DATASET EXTRACT:
··········

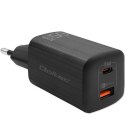 Qoltec Ładowarka sieciowa 65W GaN ULTRA | 5-20V | 2.25-3.25A | 1 x USB typ C PD | 1 x USB | Czarna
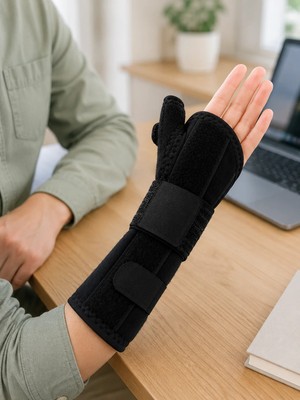 Laraheiser Statik El Bilekliği Metal Destekli Başparmak Ateli Uzun Bilek Destekleyici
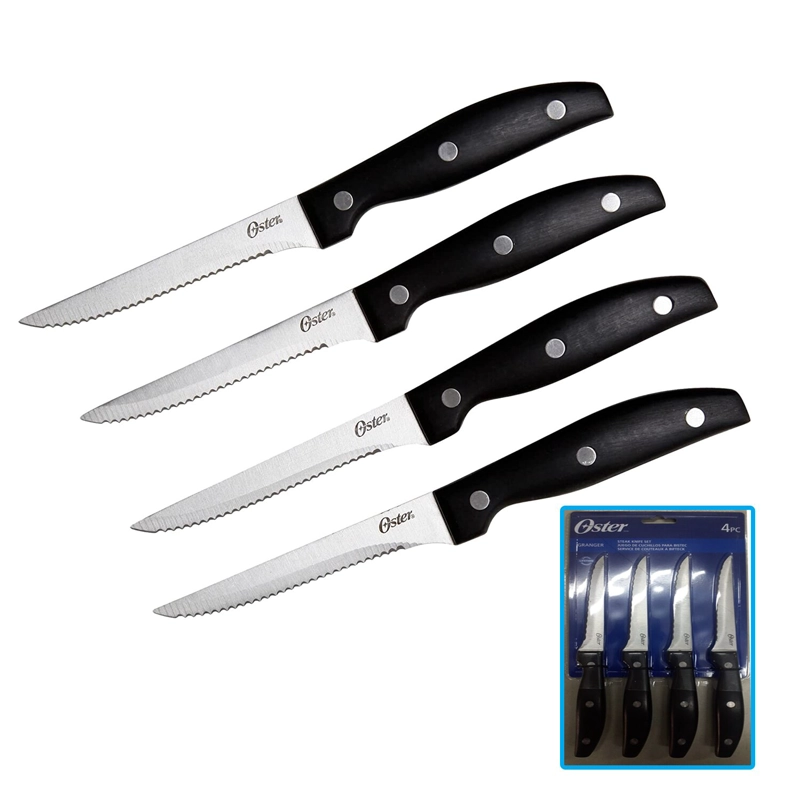 SET DE CUCHILLOS STEAK KNIFE 4 PIEZAS ACERO - 1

··········

Please return the whole listing exactly. Do not copy its images.

TASK SOLUTION:
 Qoltec Ładowarka sieciowa 65W GaN ULTRA | 5-20V | 2.25-3.25A | 1 x USB typ C PD | 1 x USB | Czarna
 Laraheiser Statik El Bilekliği Metal Destekli Başparmak Ateli Uzun Bilek Destekleyici
 SET DE CUCHILLOS STEAK KNIFE 4 PIEZAS ACERO - 1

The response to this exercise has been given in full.